A small caveat. I do not wish to engage in narratives of resilience, grit, or perseverance. However, all can easily apply because often, these narratives are used by dominant populations to suggest our innate and inevitable ability to endure. After all, we have shown again and again how we can overcome. Nevertheless, this obscures how white supremacy remains intact to perform its intended violence. I borrow from actress and founder of the social media site Black Queer Joy, Dalila Ali Rajah. Rajah says,
Being joyful and being seen as joyful and living happy lives by itself is a revolution. For hundreds of years, cultural oppression and systemic racism has perpetuated the idea that Black joy cannot be long-lasting. If we don’t see images, how can we build up a tolerance for joy?
Rajah curates images and stories from around the world that show the vibrancy of Black, POC, and Queer folx living their best lives. We develop strategies using our deviance, and Black Queer Joy as resistance to the status quo in a society bent on our silence, erasure, and destruction. This article illuminates how Black queer educators expose structural inequities and navigate the paradox created by the university, which claims diversity, equity, and inclusion as core values even as it maintains exclusionary practices that do not serve historically disenfranchised and marginalized communities. Despite the institutional violence, Black queer educators manage the intersections of freedom-making and maintaining joy in laying the foundation for how we get free.
Black Queer ReVoluTion
Inspired by Black lesbian poet and activist Pat Parker, who, in response to a question about what constitutes her idea of revolution, shared these words:
If I could take all my parts with me when I go somewhere, and not have to say to one of them, “No, you stay home tonight, you won’t be welcome,’ because I’m going to an all-white party where I can be gay, but not Black. Or I’m going to a Black poetry reading, and half the poets are antihomosexual, or thousands of situations where something of what I am cannot come with me. The day all the different parts of me can come along, we would have what I would call a revolution (Grahn as cited in Pat Parker, 1978, p. 11)
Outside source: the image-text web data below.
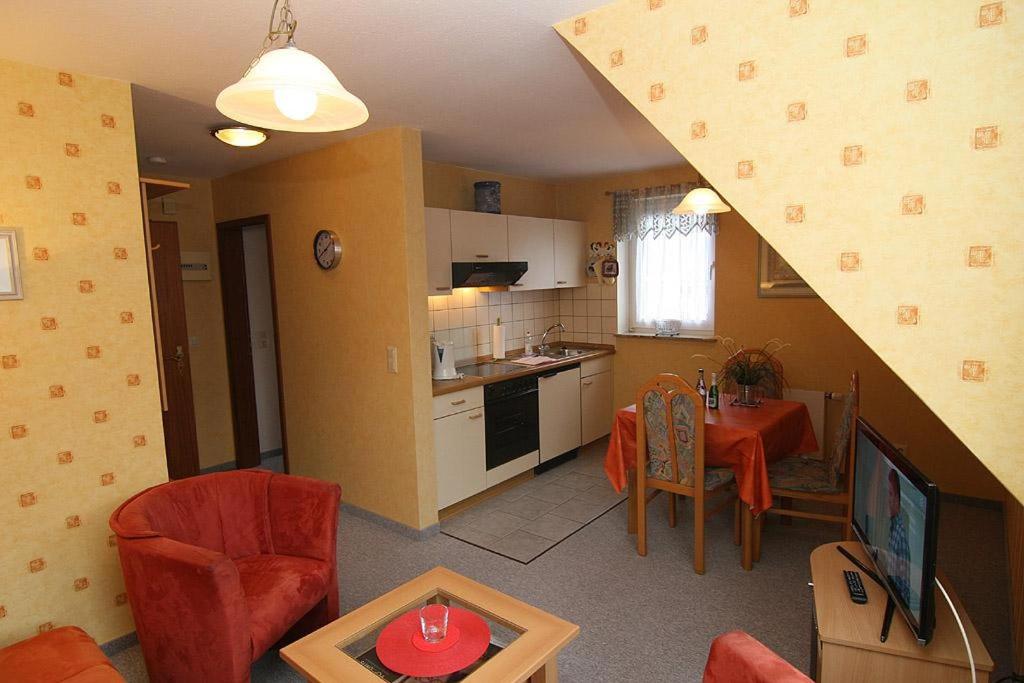 ein Wohnzimmer mit einer Küche und einem Esszimmer in der Unterkunft Haus Schumacher, Wohnung 1 in Hörnum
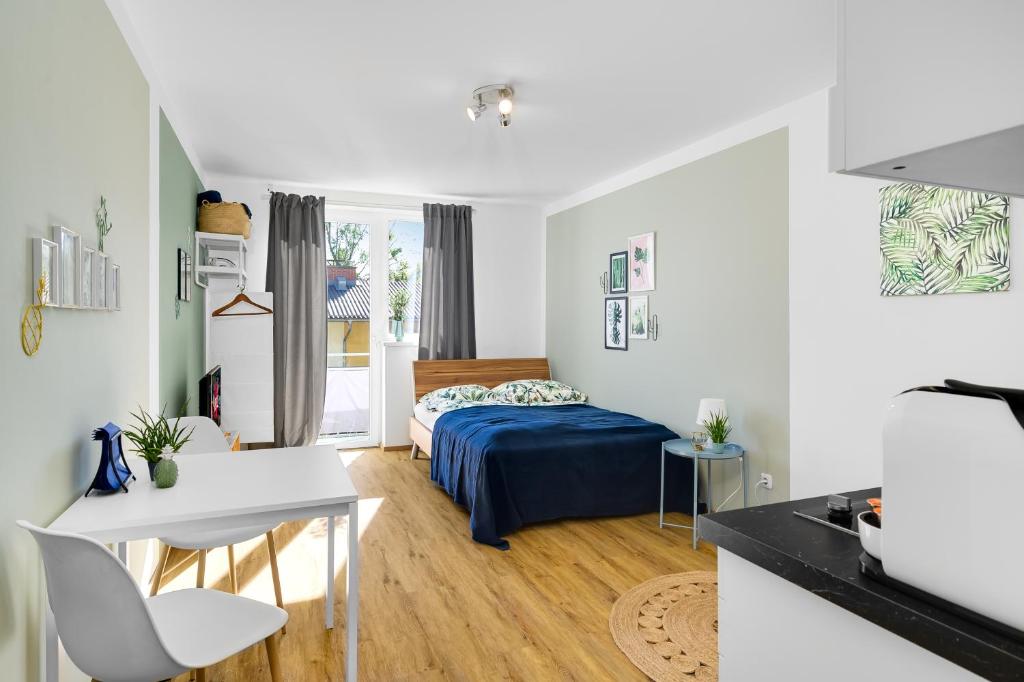 um quarto com uma cama, uma mesa e cadeiras em Ruhige Oase in der Nähe von Parkanlage und Krankenhaus em Graz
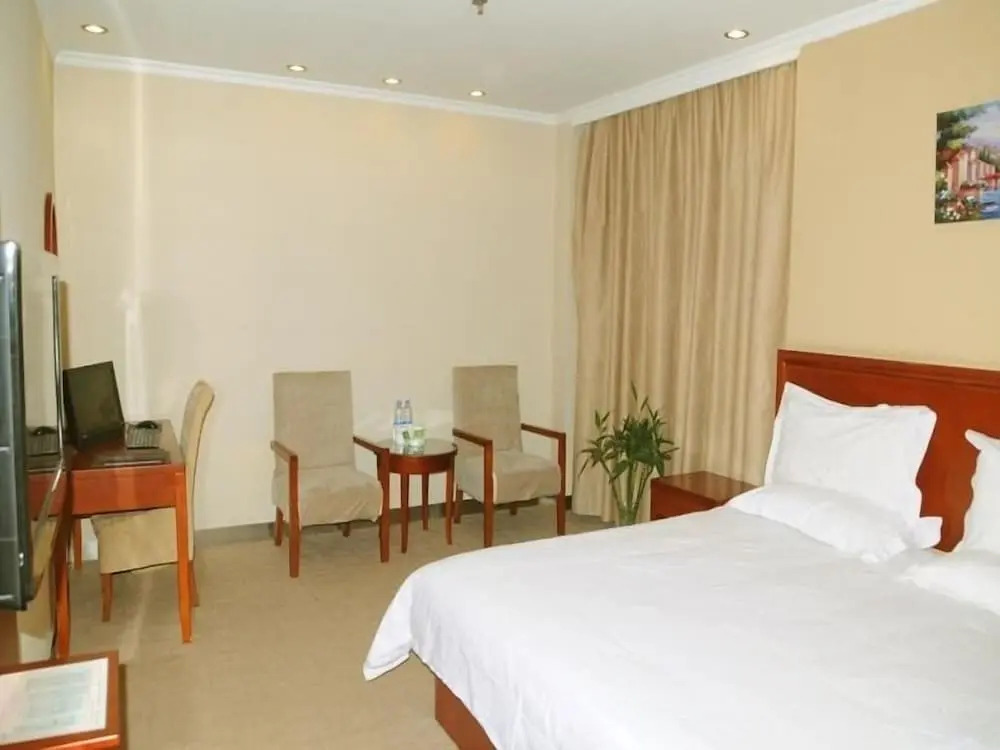 GreenTree Inn Jining Wenshang Baoxiang Temple Express Hotel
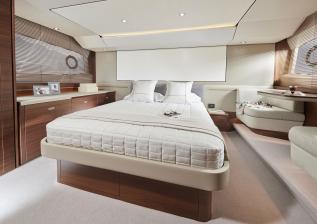 f55-interior-owners-stateroom-blinds-down.jpg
I begin with this context to describe who I am and how I show up to do this work, to disrupt. I quote Pat Parker’s words often because I am still awaiting that revolution, but also, I have learned that I cannot shed who I am or how I show up because my very existence is an act of resistance in a world that seeks to erase and silence me. My work began with a search for others like me who reflect expansive representations of Blackness, sexual, and gender identities as I dream and work toward better worlds for us all, especially those who are multiply oppressed, and to find joy and freedom that we deserve in this world.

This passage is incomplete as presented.